Technology Solutions for Everyday Folks
Screen snip of a completed task sequence Teams notification

Using Powershell to Send a Teams Notification from a Task Sequence Step

The last two posts were inspired by conversations at MMS Flamingo and focus on using Slack as the communication/receiver for notices relayed from a Task Sequence step and directly from a Task Sequence step. Based on some of the responses I've seen, I thought I'd give my hand at applying the same direct logic to send the same sort of notification to a Teams channel instead.

Why Teams?

I have very little experience with Teams beyond what I've done in my developer tenant and some random meetings, and I had not yet used a webhook for Teams so it seemed like a good thing to fiddle with one weekend to see how things are similar, different, and ultimately provide a stubout for folks to use if Teams is their ecosystem.

The Similarities

Mechanically speaking, the process is basically the same once things are set up. A powershell script is triggered/run from a Task Sequence step, it crafts the webhook payload, and using Invoke-RestMethod submits to the webhook endpoint. While that's cool, it's also where the similarities end.

Screen snip of Task Sequence Run Powershell Script Step

The Differences

Oof. There are many. To my mind, and based on this little exercise, Slack webhooks are substantially simpler, easier to structure/format, and are pretty forgiving. Teams webhooks, on the other hand, are pretty cumbersome, more restrictive in their format, and awfully difficult to troubleshoot. That being said, it appears that almost any user could create their own Teams webhook whereas in Slack it requires a different level of access/app integration.

I am not going to get into the details of creating webhooks for Teams beyond this: I am using the "new" webhook style (workflow) and not the deprecated and soon-to-be-going-away Office connector style webhooks. From what I read/understand, the "older" type of webhook was likely a lot simpler and more forgiving.

Bummer #1: The Structure/Format

Microsoft has some reasonable documentation to help get started creating/sending messages. It's a good starting point and identifies a couple ways to Make Things Happen. However, if you want to format the response (as we need to do), you must use Adaptive Cards, the loose equivalent of Slack's Block Kit. There's a sentence in the documentation indicating the simpler message card format might be available in the future.

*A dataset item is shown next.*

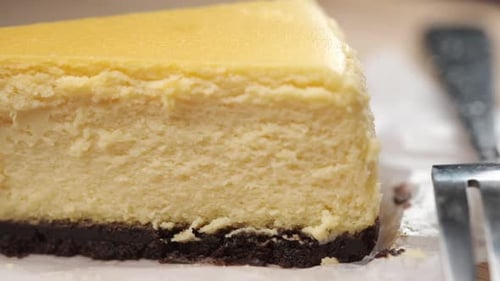 Close Up Slice of Delicious Cheesecake with Cookie Crust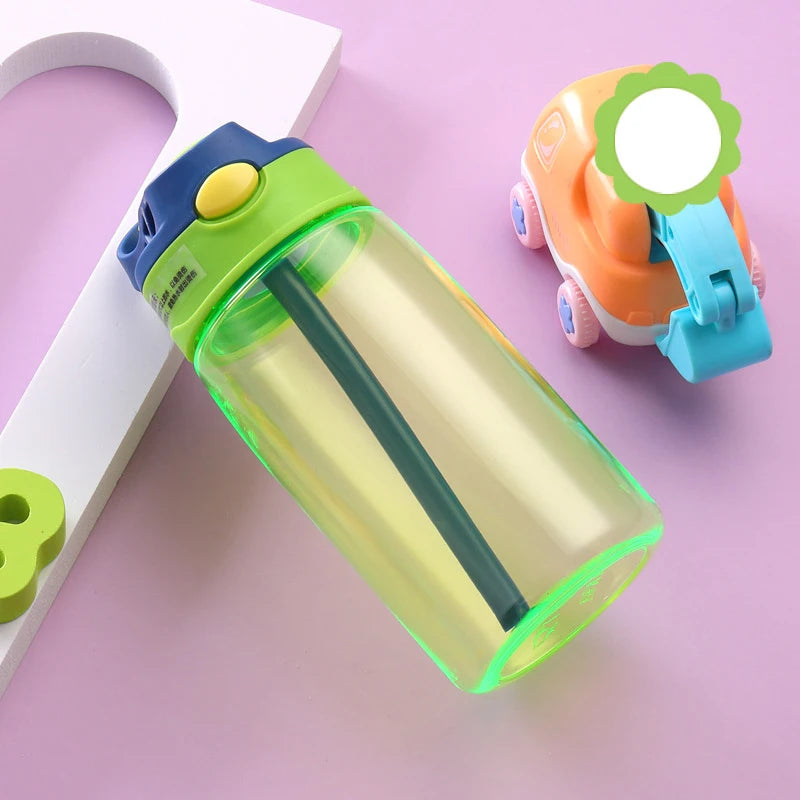 this is the green kids water bottle with straw the lid has a green band at the bottom, the handle is blue matching the straw. the straw enclosure is green and the flip button is yellow.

Markdown isn't really supported in a meaningful way either beyond bold/italic, lists, and links, including preformatted text. In lieu of the lack for preformatted text, I changed the font style. Microsoft provides some pointers to get started with formatting cards.

That said, there's a pretty decent visual Adaptive Card designer tool that can create the structure payload for your notification. I pulled the text and variables from a previous Slack notification and dropped the text directly into the designer so I could have a more 1:1 comparison as I built out the layout.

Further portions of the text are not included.